**DESCRIPTION OF THE TASK**: Go to the line with "Close-up of beige" in the material below and copy from there through the line with "2019 Ford Edge", exactly. Pictures are not copied.

**EXERCISE MATERIAL**:
^^^^
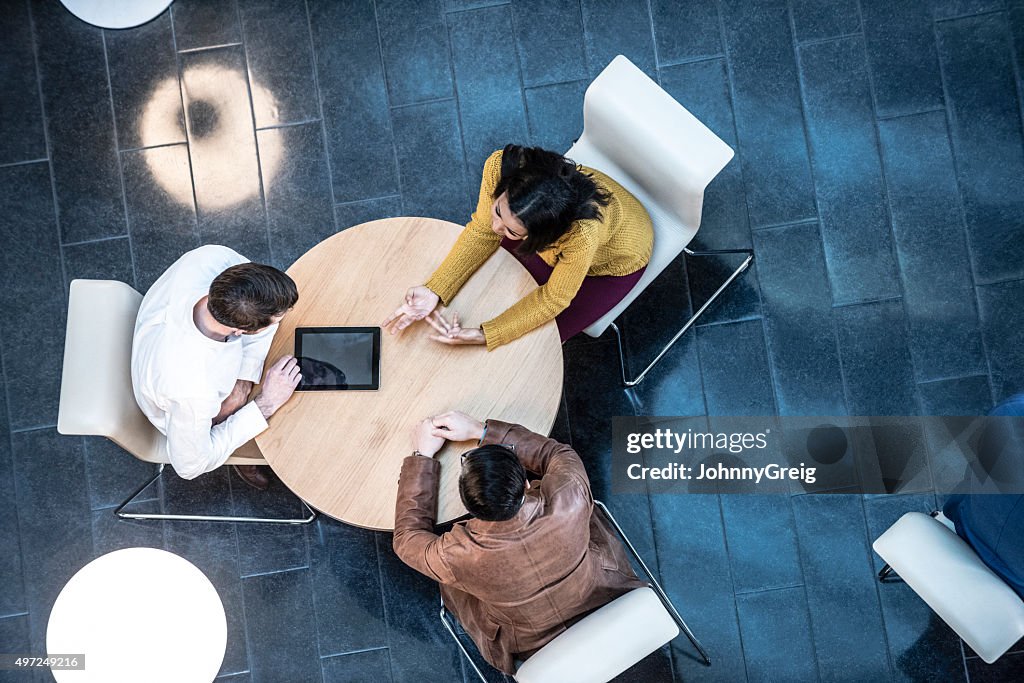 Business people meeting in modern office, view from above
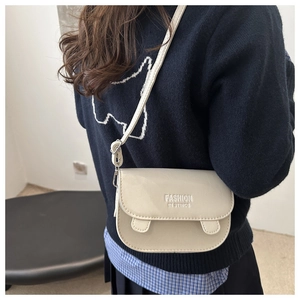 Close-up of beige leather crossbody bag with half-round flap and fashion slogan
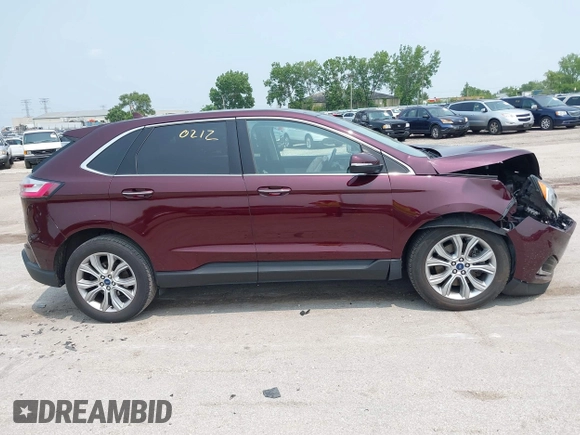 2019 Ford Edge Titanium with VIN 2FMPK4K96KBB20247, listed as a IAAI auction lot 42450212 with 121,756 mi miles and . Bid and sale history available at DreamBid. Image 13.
^^^^
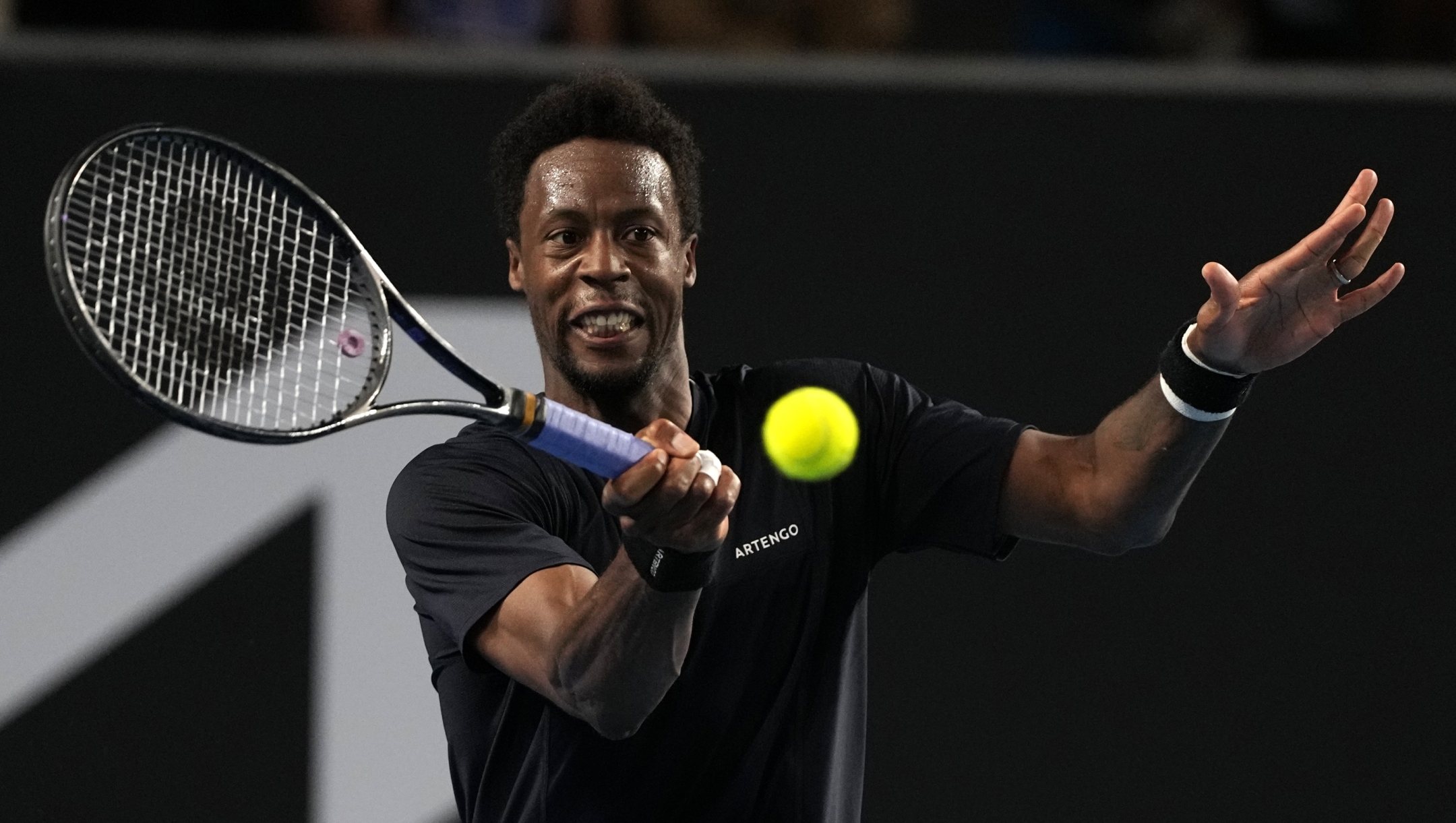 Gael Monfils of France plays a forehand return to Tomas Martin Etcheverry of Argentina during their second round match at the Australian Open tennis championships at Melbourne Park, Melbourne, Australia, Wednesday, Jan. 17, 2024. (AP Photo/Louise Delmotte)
^^^^
**RESPONSE TO THIS TASK**:
 Close-up of beige leather crossbody bag with half-round flap and fashion slogan
 2019 Ford Edge Titanium with VIN 2FMPK4K96KBB20247, listed as a IAAI auction lot 42450212 with 121,756 mi miles and . Bid and sale history available at DreamBid. Image 13.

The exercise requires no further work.